Resta la rete. «Tu sei un influencer... Non puoi dimenticarlo. I tuoi alunni e tante altre persone leggono quello che scrivi e ne sono inevitabilmente condizionati» (sono parole mie che cercano di dipanare il pensiero del mio interlocutore). È un onere. Lo vivo consapevolmente. Ho oltre cinquemila persone “amiche” su Facebook, ho preso 800 voti alle elezioni. Sono un monito alla responsabilità, allo studio, alla parola consapevole. Faccio ogni giorno delle scelte, le rendo pubbliche, entro nel conflitto delle interpretazioni. Lo considero un esercizio quotidiano di παρρησία, esposto al rischio costante dellerrore perché nelle faccende umane la verità” deve essere necessariamente virgolettata. Posso solo dire che se c’è gente che prova stima per me, se qualcuno ritiene le mie opinioni degne di essere ascoltate, ebbene vorrà dire che, da quando ho iniziato a frequentare l’γορά prima reale e poi virtuale, ho conquistato credibilità. Il discorso sottinteso di Nunzio è: «Non puoi usare tale credibilità per mentire o dire verità parziali». Vorrà dire che la perderò tutta tale credibilità perché ne avrò fatto cattivo uso. Oppure essa sarà rafforzata sia dalle campagne di denigrazione che alcuni hanno goffamente tentato nei miei confronti sia dalla semplice constatazione che non si contrappongo il “vero” e il “falso”, il “giusto” e lo “sbagliato” ma due possibili interpretazioni della convivenza civile, del potere, delle istituzioni democratiche e della Costituzione.
So che anche Nunzio potrebbe andare in vari gironi infernali (per esempio nel terzo cerchio) ma non nell’Antinferno. Siamo avversari politici, ma apprezzo il suo schierarsi, il suo metterci la faccia.
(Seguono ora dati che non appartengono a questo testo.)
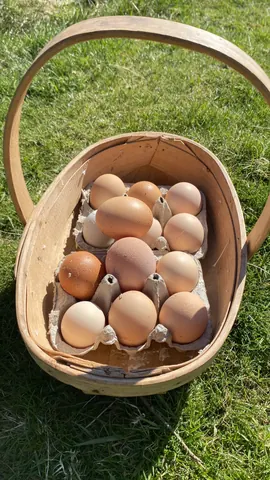 A basket filled with eggs.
Perché, come mi ha insegnato il fascista Ezra Pound «se un uomo non è disposto a lottare per le sue idee, o le sue idee non valgono nulla, o non vale nulla lui».  

N.B.
Tutti i virgolettati sono frasi in cui ho cercato, come già detto, di spiegare meglio a me stesso le critiche di Nunzio, più concise nella formulazione sui social.
Se Nunzio dovesse ritenerlo opportuno questo spazio è a sua disposizione per una replica.
Sono entrato pochissimo nel merito del referendum perché, a parte alcuni chiarimenti, abbiamo convenuto di evitare ulteriori polemiche, divenute, in alcuni passaggi e soprattutto per i modi poco civili di altri interlocutori, abbastanza aspre.